◆ **The data**:
Content starts

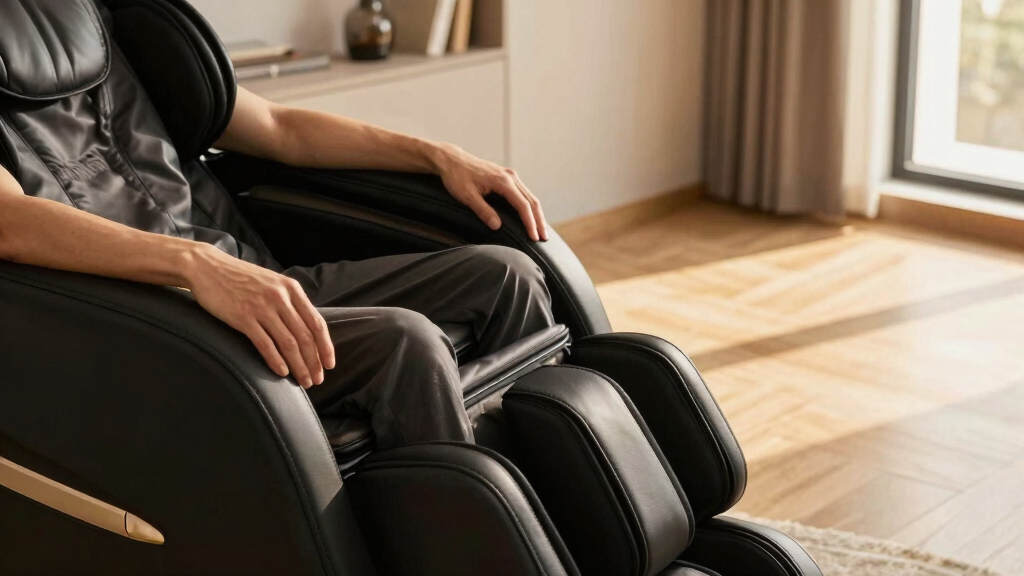 highend massage chairs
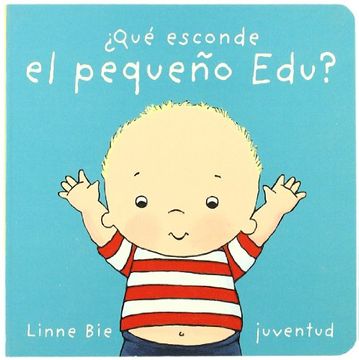 portada Que Esconde el Pequeño edu (in Spanish)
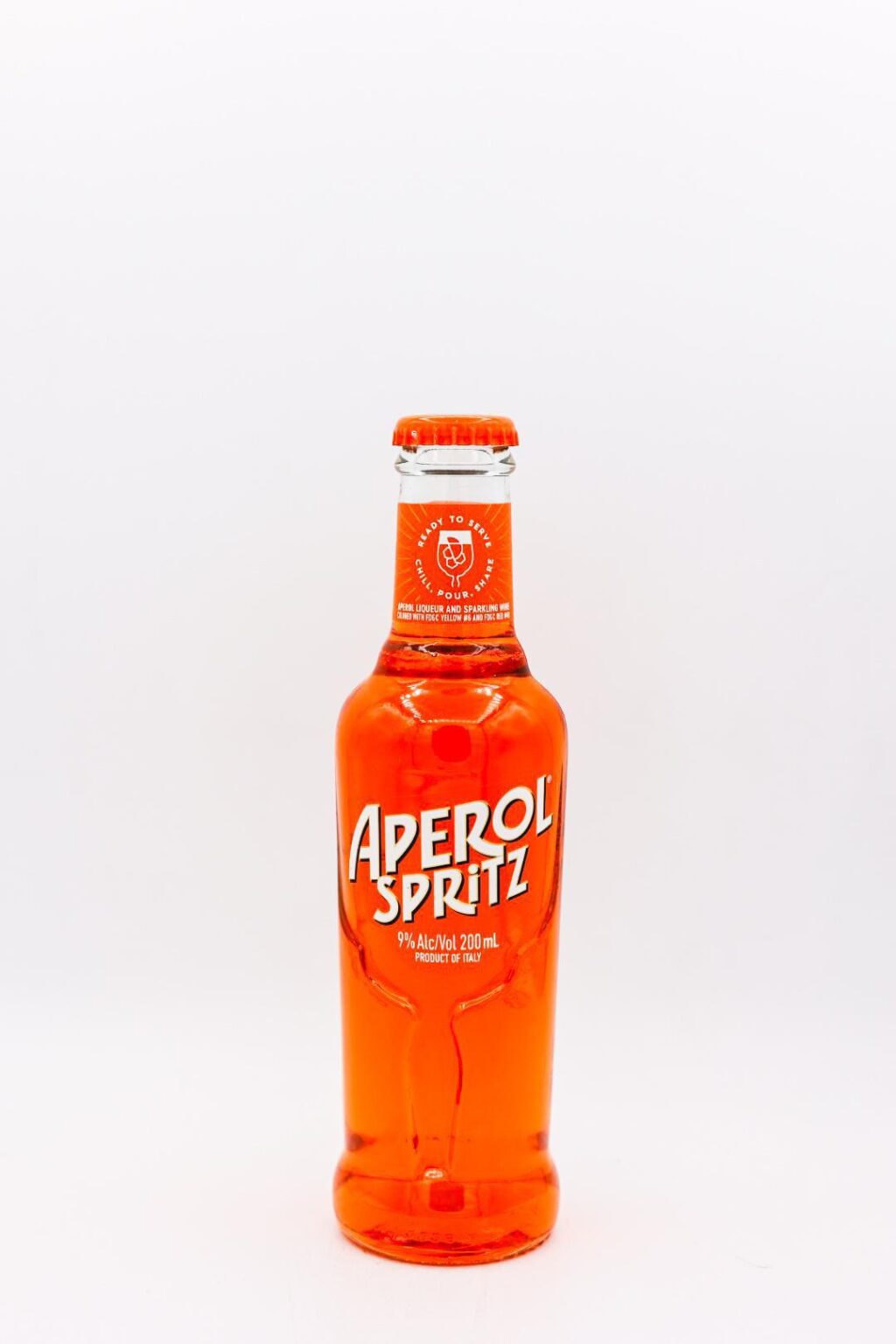 Aperol Spritz 200ml 4-Pack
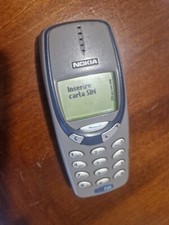 CELLULARE NOKIA 3330  FUNZIONANTE 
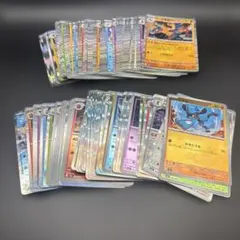 ポケモンカード 約100枚 ホロカード含む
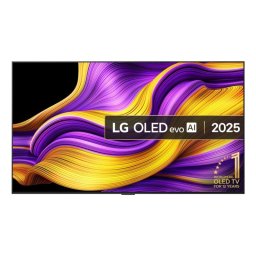 TV LG OLED evo 65″ 4K Ultra HD Smart TV WebOS Dolby Vision Gaming 120Hz eARC AirPlay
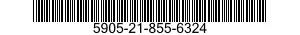 5905-21-855-6324  5905218556324 218556324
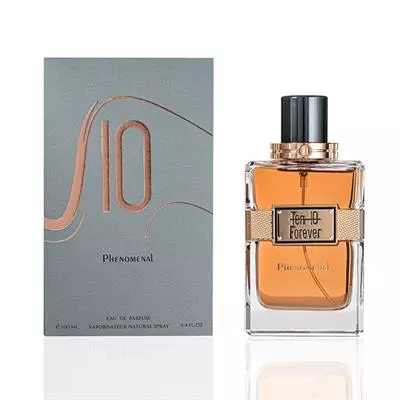 Ali Daei 10 Forever Phenomenal For Women And Men EDP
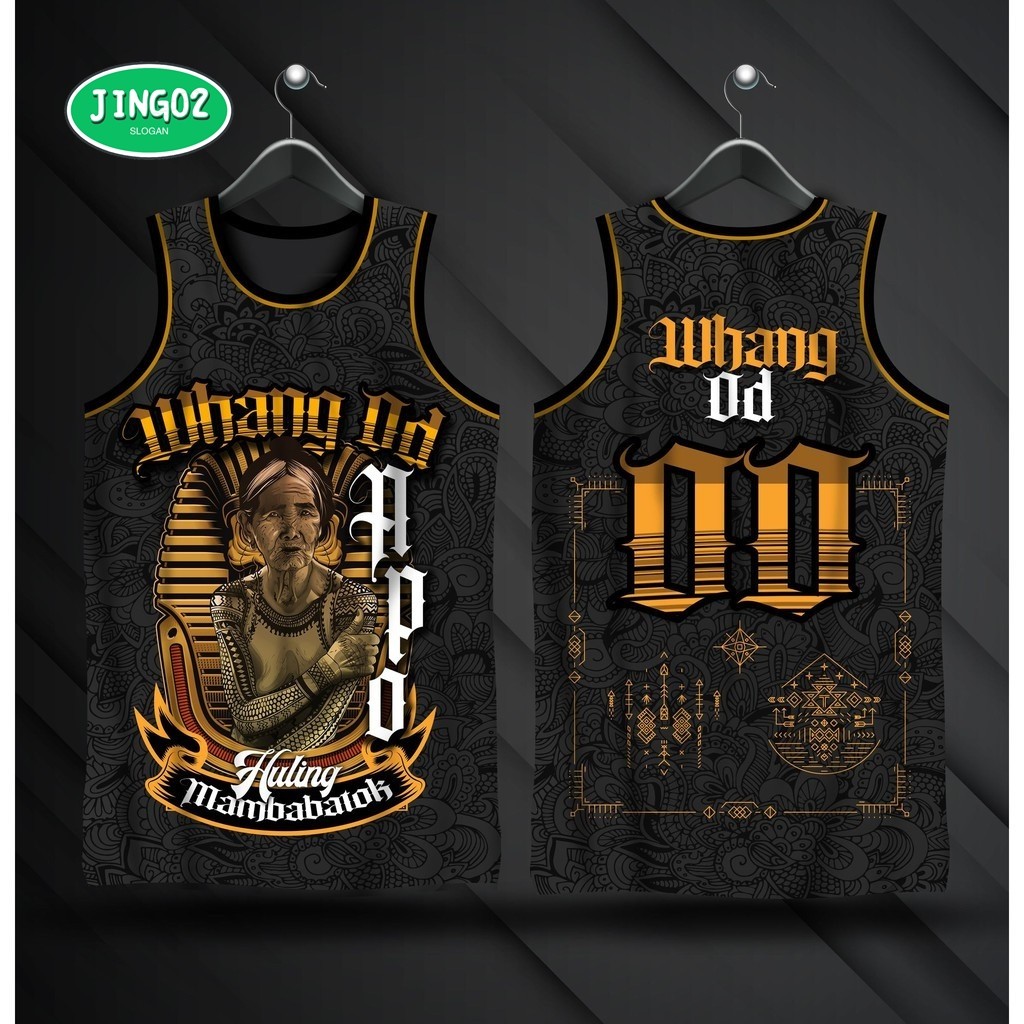 (JING02) JERSEY BASKETBALL ĐẦY ĐỦ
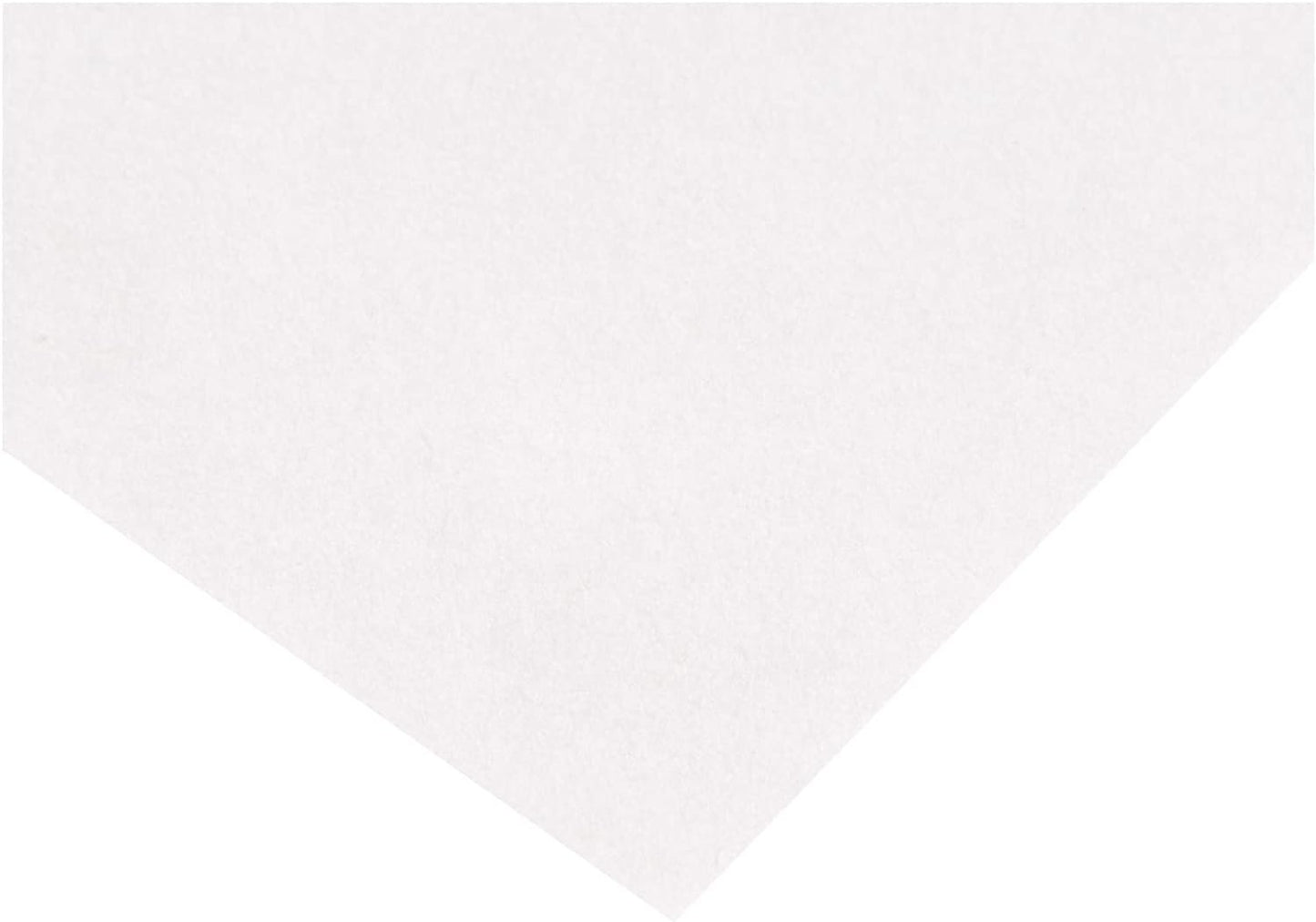 Black Ink 9-Inch by 12-Inch Bleached Mulberry Block Printing Paper, 25-Pack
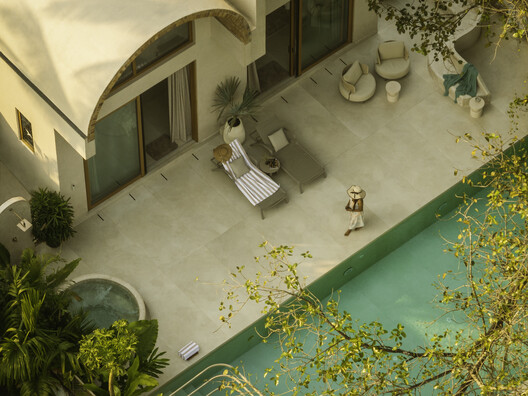 House of Tao / SAV Architecture + Design - Interior Photography, Courtyard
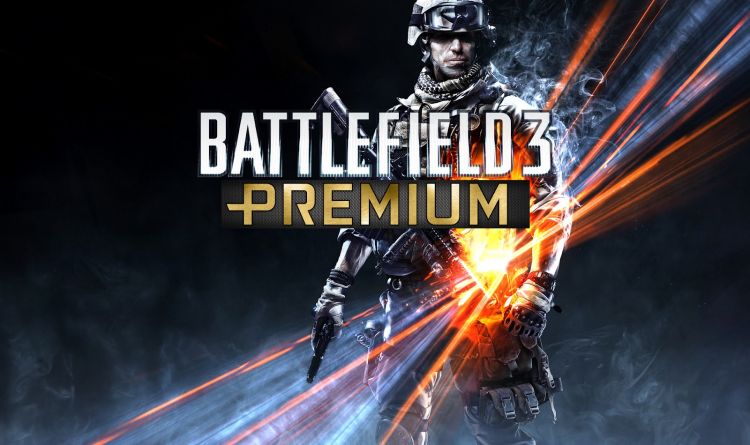 Fonds d'cran Jeux Vido Battlefield 3 Battlefield 3 Premium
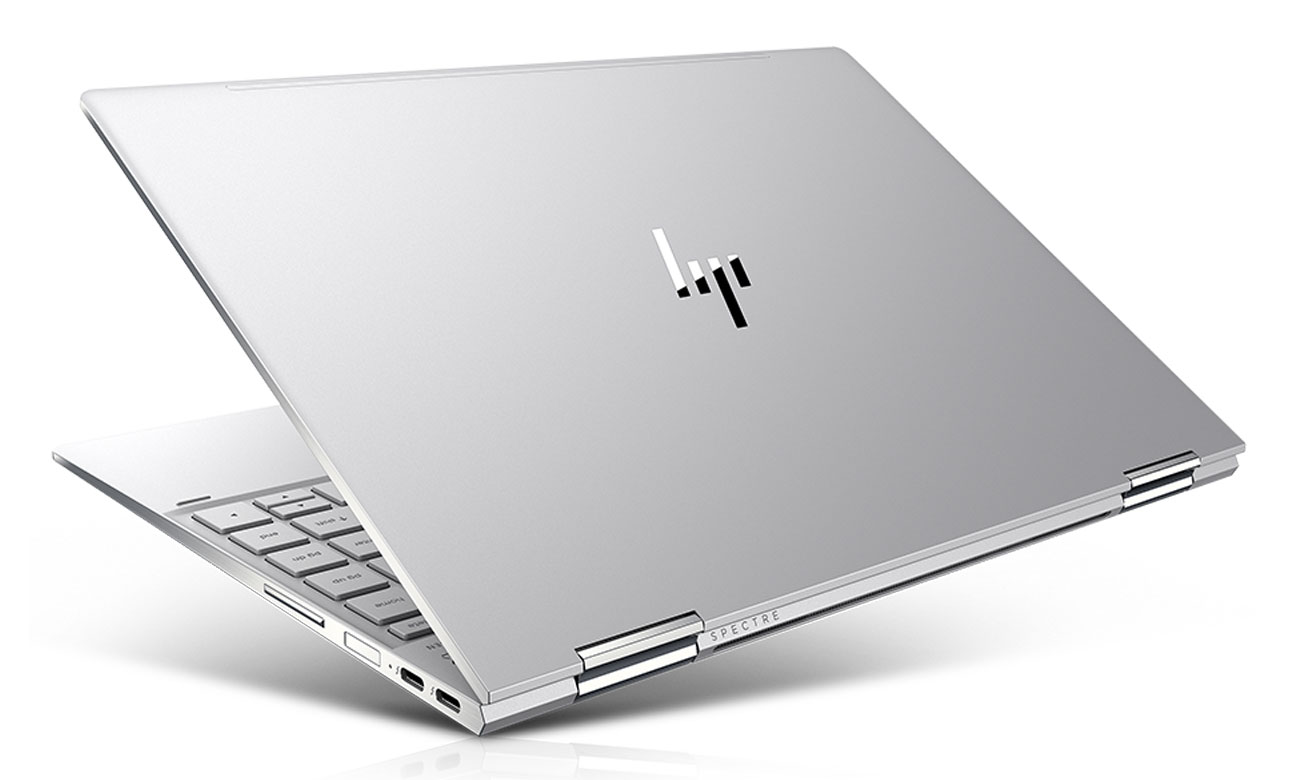 HP Spectre x360 Thunderbolt szybkie ładowanie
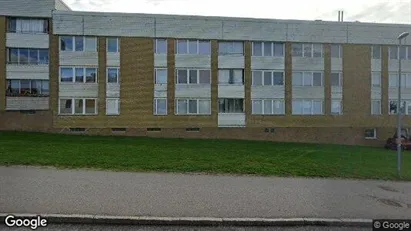 Lägenheter att hyra i Sundsvall - Bild från Google Street View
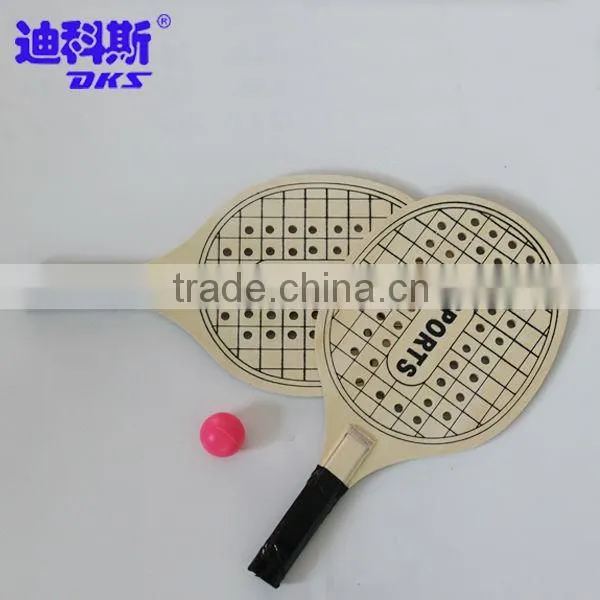 professional beach racket paddle,beach tennis racket,wooden beach racket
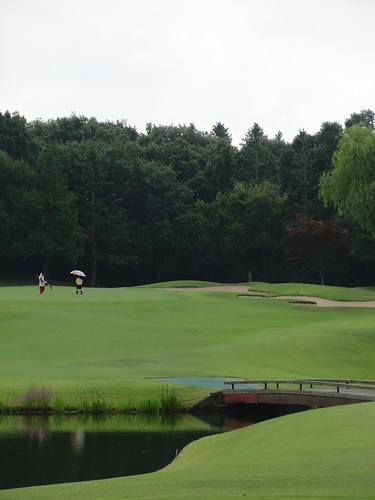 Hamano Golf Club Green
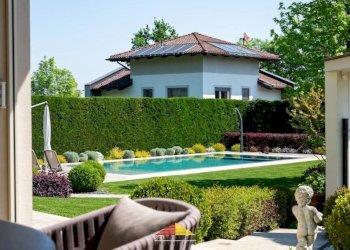 Piscina - Villa via Giovanni Battista Bodoni, Saluzzo - photo 10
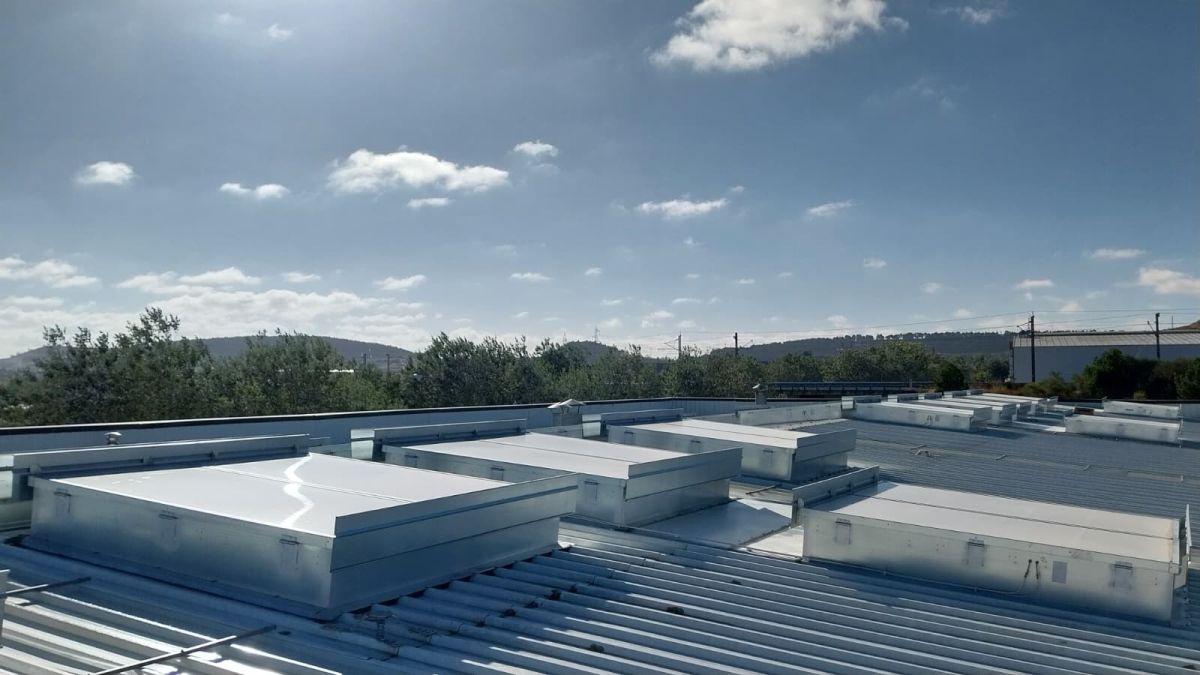 The new BMW Magna Motors dealership in Uruguay installs a Kortex E barrier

Content ends

◆ **The task**:
Exactly reproduce the run of lines from the start of the listing through the line with "Fonds d'cran Jeux", inclusive; pictures are not copied.

◆ **Answer area**:
 highend massage chairs
 portada Que Esconde el Pequeño edu (in Spanish)
 Aperol Spritz 200ml 4-Pack
 CELLULARE NOKIA 3330  FUNZIONANTE 
 ポケモンカード 約100枚 ホロカード含む
 TV LG OLED evo 65″ 4K Ultra HD Smart TV WebOS Dolby Vision Gaming 120Hz eARC AirPlay
 5905-21-855-6324  5905218556324 218556324
 Ali Daei 10 Forever Phenomenal For Women And Men EDP
 (JING02) JERSEY BASKETBALL ĐẦY ĐỦ
 Black Ink 9-Inch by 12-Inch Bleached Mulberry Block Printing Paper, 25-Pack
 House of Tao / SAV Architecture + Design - Interior Photography, Courtyard
 Fonds d'cran Jeux Vido Battlefield 3 Battlefield 3 Premium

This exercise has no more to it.